L’idée pourtant élémentaire de la nécessité d’une coalition suffisamment large (atteignant ou approchant 289 voix) fondée sur un accord politique explicite semble pour l’heure repoussée par les formations de gauche comme de droite modérée, alors même qu’une telle formule est monnaie courante, pour ne pas dire systématique dans la quasi-totalité des démocraties parlementaires occidentales (on cite souvent l’Allemagne, mais il y a bien d’autres pays dans ce cas : tous les pays nordiques, le Benelux, l’Autriche, l’Irlande,…). Ce qui ne veut pas dire qu’elle ne s’imposera pas finalement, fût-ce au prix d’un accouchement douloureux que nos représentants doivent réaliser collectivement.
Une formule qui semble avoir pour le moment les préférences de la classe politique semble en revanche hasardeuse : celle de majorités à géométrie variable, « texte par texte », pour éviter une coalition en bonne et due forme. Mais elle occulte un point fondamental : la nécessité, au préalable, de former un gouvernement. Et la condition pratique pour qu’il advienne suppose que sa surface politique ne soit pas à ce point réduite que l’adoption d’une motion de censure immédiate par les autres formations ne soit certaine.
Si les partis parlementaires devaient renoncer à faire l’effort de négocier un accord entre eux pour former un gouvernement un tant soit peu viable, ils abandonneraient l’initiative entre les mains du président de la République, attitude paradoxale, en contradiction avec l’objectif affiché par nombre d’entre eux de neutraliser celui-ci. Le chef de l’Etat pourrait alors être tenté sinon même contraint de nommer un gouvernement de personnalités extérieures aux partis parlementaires, qui serait très précaire et en tout état de cause hors d’état de mener des politiques publiques d’envergure. Une telle piste aurait des effets sans doute désastreux sur l’opinion et ne ferait que repousser la résolution de l’équation posée depuis un moment, celle de la division tripartite du champ politique. Sans oublier que, pendant un an au moins, le pays devra vivre avec l’Assemblée élue le 7 juillet et ce, quel que soit d’ailleurs le président de la République en fonction puisque toute nouvelle dissolution est interdite (art. 12, al. 4).

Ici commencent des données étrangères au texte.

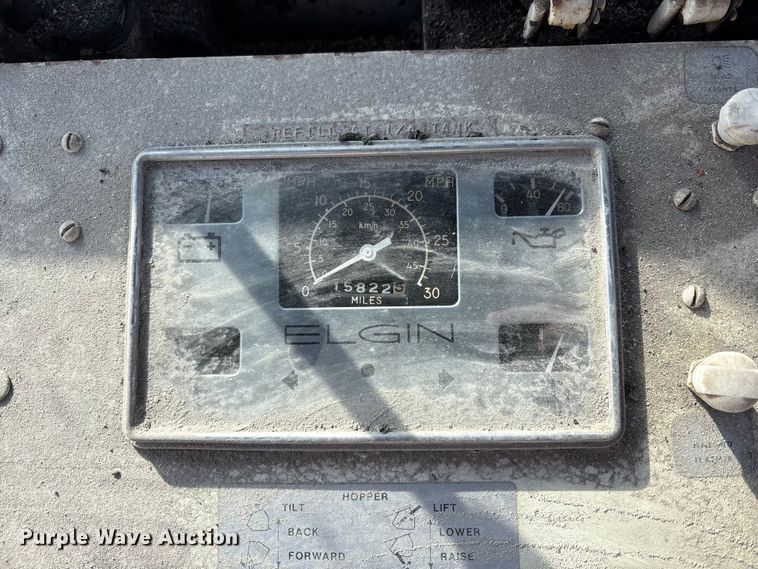 image for item EM6152 Elgin Pelican street sweeper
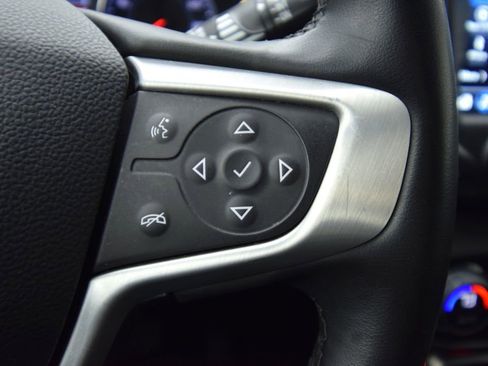 Used 2024 GMC Terrain SLT image 33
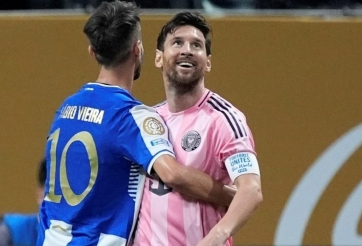 Tranh cãi dữ dội ngày Messi lập siêu phẩm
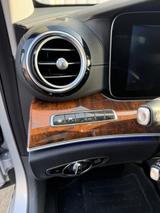 Mercedes-Benz E 400 4MATIC EXCLUSIVE Autom. EXCLUSIVE - Mercedes-Benz E 400 von privat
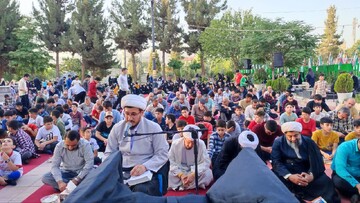 تصاویر/ برگزاری دعای عرفه در ساوجبلاغ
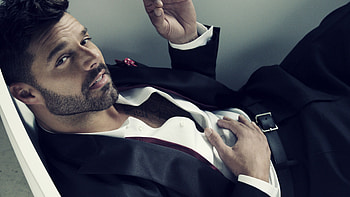 Ricky Martin, Eye-catching , Ricky Martin backgrounds, Celeb vibes HD wallpaper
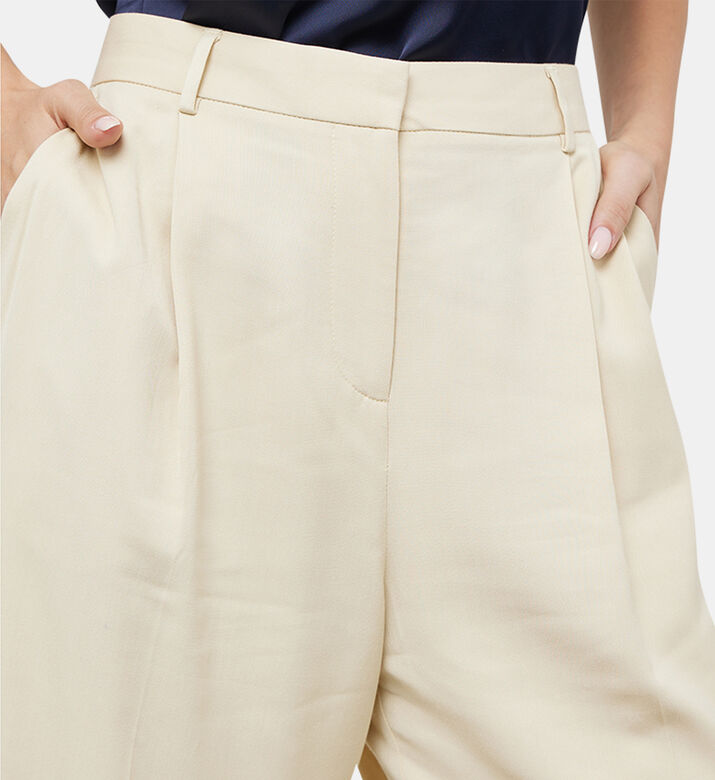 بنطال جونا عالي الخصر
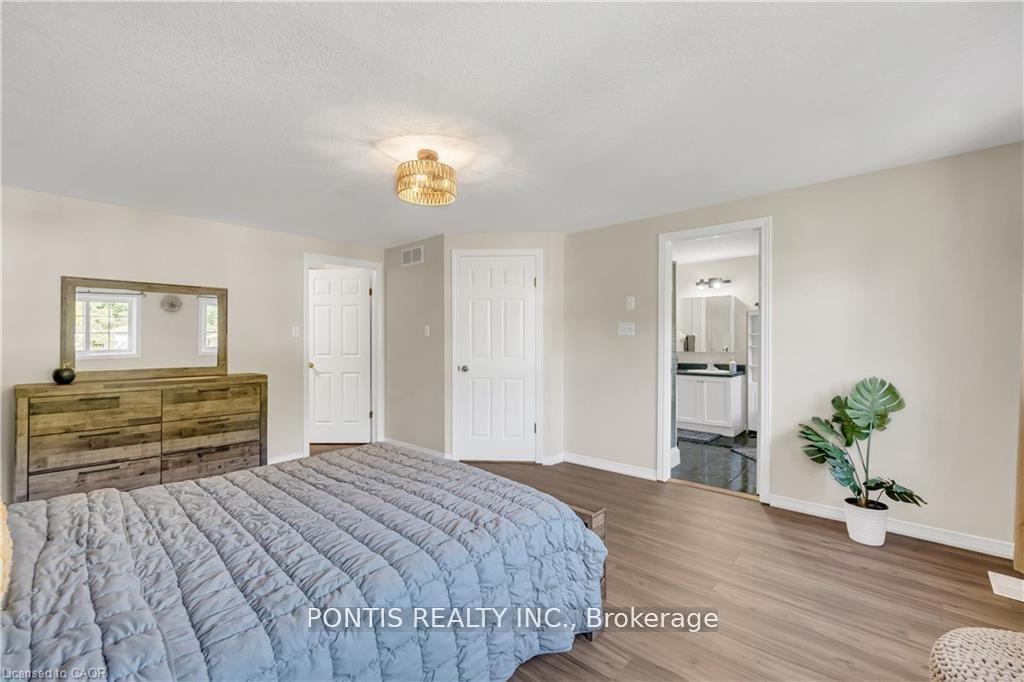 Photo 23 of 40 Alderson Drive, Cambridge, Hespeler Village — HOMEH
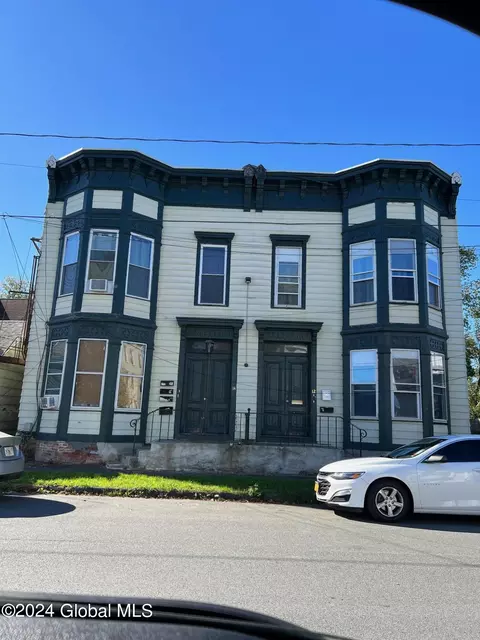 12-14 113th St, Troy, NY 12182
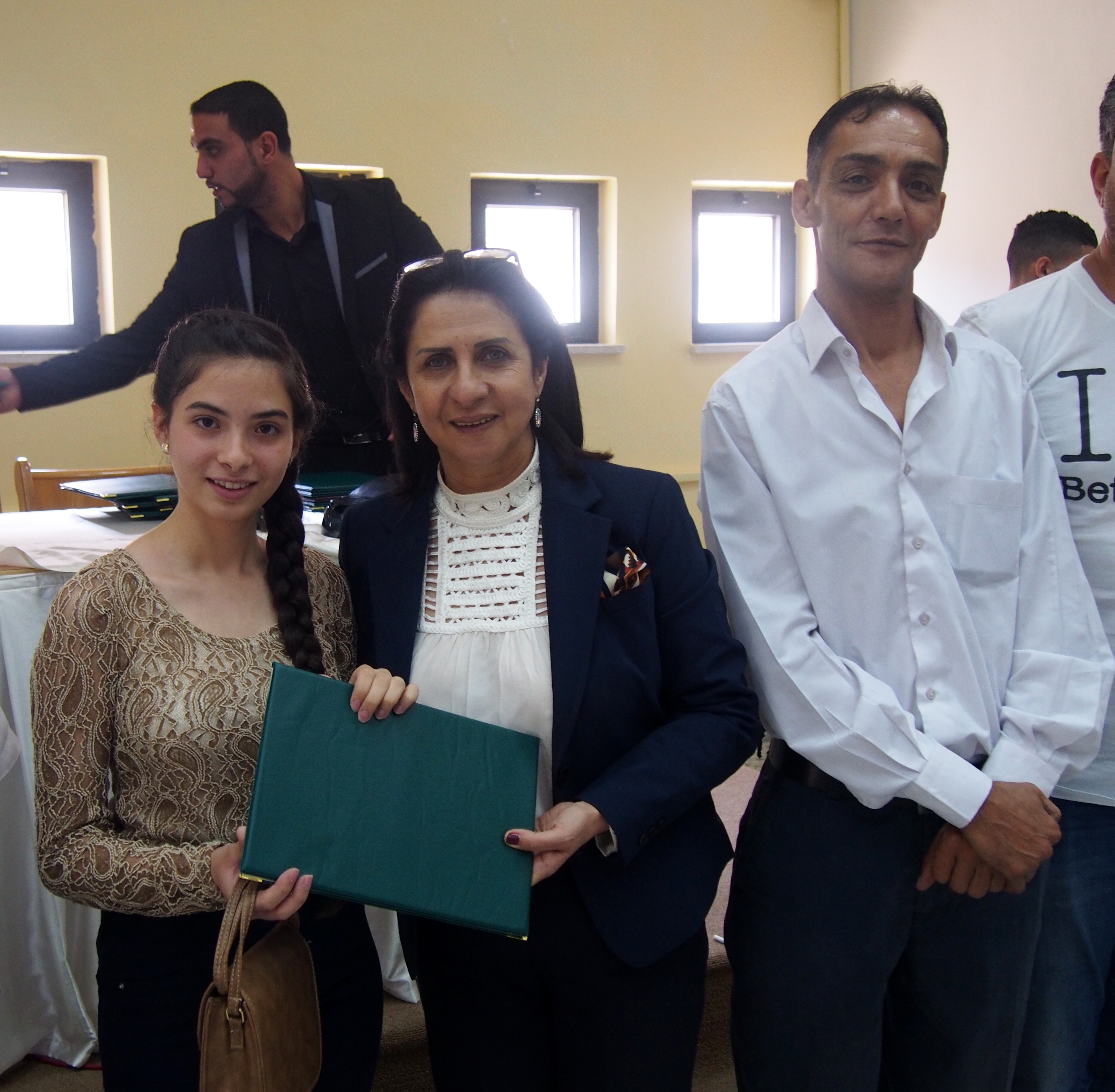 المجلس المحلي الشبابي في بيت لحم يكرم الناجحين في الثانوية العامة من أعضاء الهيئة العامة والمجلس الشبابي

Beaucoup d’indices montrent que les Français ne souhaitent plus être gouvernés selon les méthodes anciennes, par un seul parti momentanément et artificiellement majoritaire, contre tous les autres. La légitimité d’action durable d’un gouvernement requiert le dialogue et le compromis. Après le temps des passions doit venir le temps de la raison démocratique.